Jessica Goodfellow
Jun 12, 2020

Twitter uncovers China-based network that has been pushing "deceptive narratives" about Hong Kong protests

Removal of China-based network part of broader weeding out of "state-linked" operations on Twitter.

Twitter uncovers China-based network that has been pushing

Twitter has removed a network of thousands of accounts originating from China that it said had been used to spread state propaganda and undermine the Hong Kong protest movement.

The social network revealed today (June 12) it had suspended 23,750 accounts originating from China, that made up a "highly engaged core network" of a much larger coordinated ploy to spread state propaganda and push "deceptive narratives" about the political dynamics in Hong Kong. 

A further 150,000 accounts were uncovered as "amplifier" accounts, to boost the content sowed by the core network. These accounts were also removed.

Twitter said the entire network was involved in a "range of manipulative and coordinated activities". This network is linked to an operation Twitter first uncovered in August 2019, when it discovered nearly 1,000 accounts that were being used to undermine the legitimacy and political positions of the Hong Kong protest movement.

Twitter said that while the number of accounts associated with the China-run operation is high, the core accounts were largely "caught early" and failed to achieve considerable traction on the service.

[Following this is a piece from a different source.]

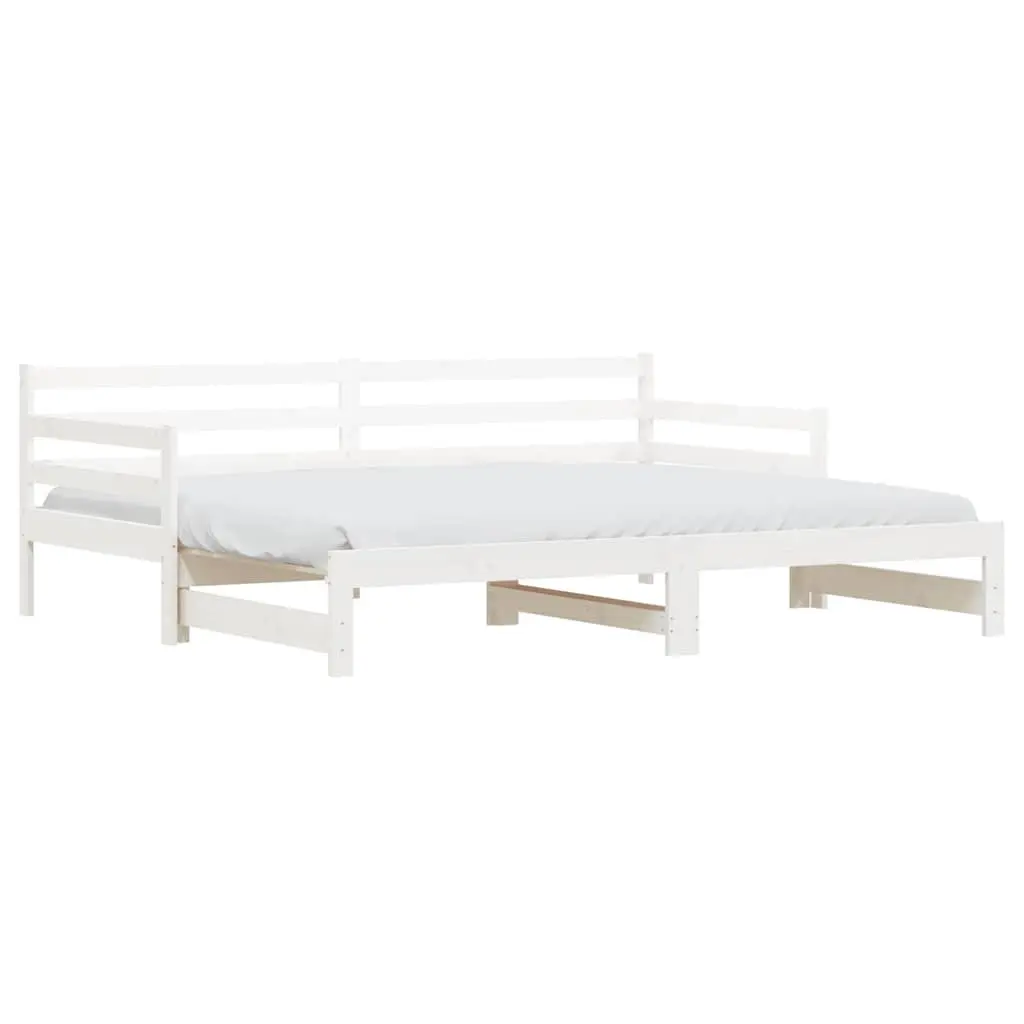 White Solid Wood Daybed with Trundle Guest Bed Frame Sofa 90x190 cm Storage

Meanwhile, of the approximately 150,000 amplifier accounts, the majority had "little to no follower counts" and were strategically designed to artificially inflate impression metrics.

The discovery is part of Twitter's broader removal of "state-linked" operations run by China, Russia and Turkey, with a total of 32,242 accounts removed that were associated with these operations.

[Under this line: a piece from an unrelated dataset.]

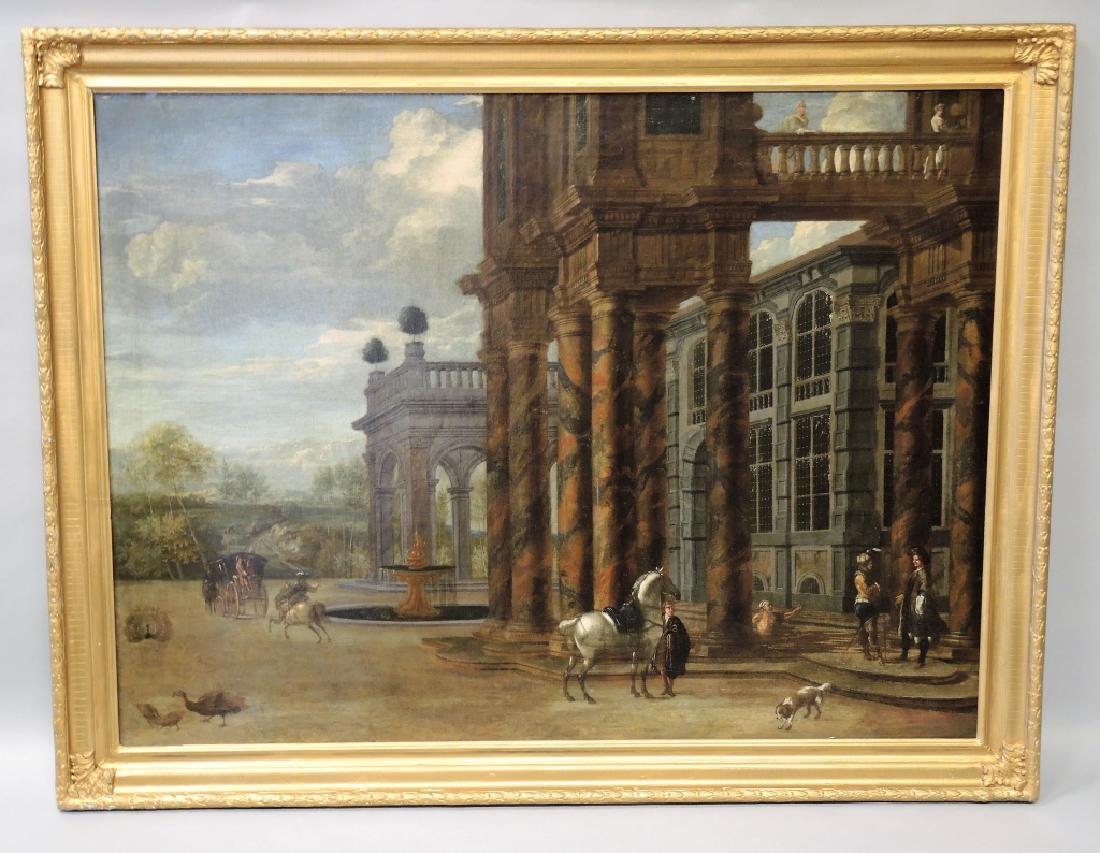 STYLE OF JOHN VANDERLYN (AMERICAN, 1775-1852): Palace Forecourt Oil on canvas (restored/relined 1984) Unsigned Image size: 99.06 x 130.81cm. (39" x 51 1/2") Frame size: 113.03 x 144.78cm. (44 1/2" x 57")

By far the biggest network was linked to China, representing nearly three-quarters (74%) of the core suspended accounts (not including the 150,000 amplifier accounts).

The Turkish network of "fake and compromised accounts" was made up of 7,340 accounts, which were being used to amplify political narratives favorable to the AK Parti, and demonstrated strong support for President Erdogan, Twitter said.

The Russian network was associated with Current Policy, a media website engaging in state-backed political propaganda. Twitter removed 1,152 accounts that were involved in activities including "promoting the United Russia party and attacking political dissidents", it said.

All the accounts that were removed have been published in a public archive. The "amplifier" accounts associated with the China operation have not been included in Twitter's public archive, because it needs to "better refine the disclosure process to enable efficient investigation of the core activity", it said.

The removal of the "state-linked" network is part of Twitter's effort to curb the spread of misinformation on its platform.

Earlier this week, Twitter said it was testing a new feature on Android devices that prompts users to open articles before sharing them. The feature, which asks users whether they have read an article before they retweet it, aims to help "promote informed discussion" and prevent users from sharing unverified information, it said.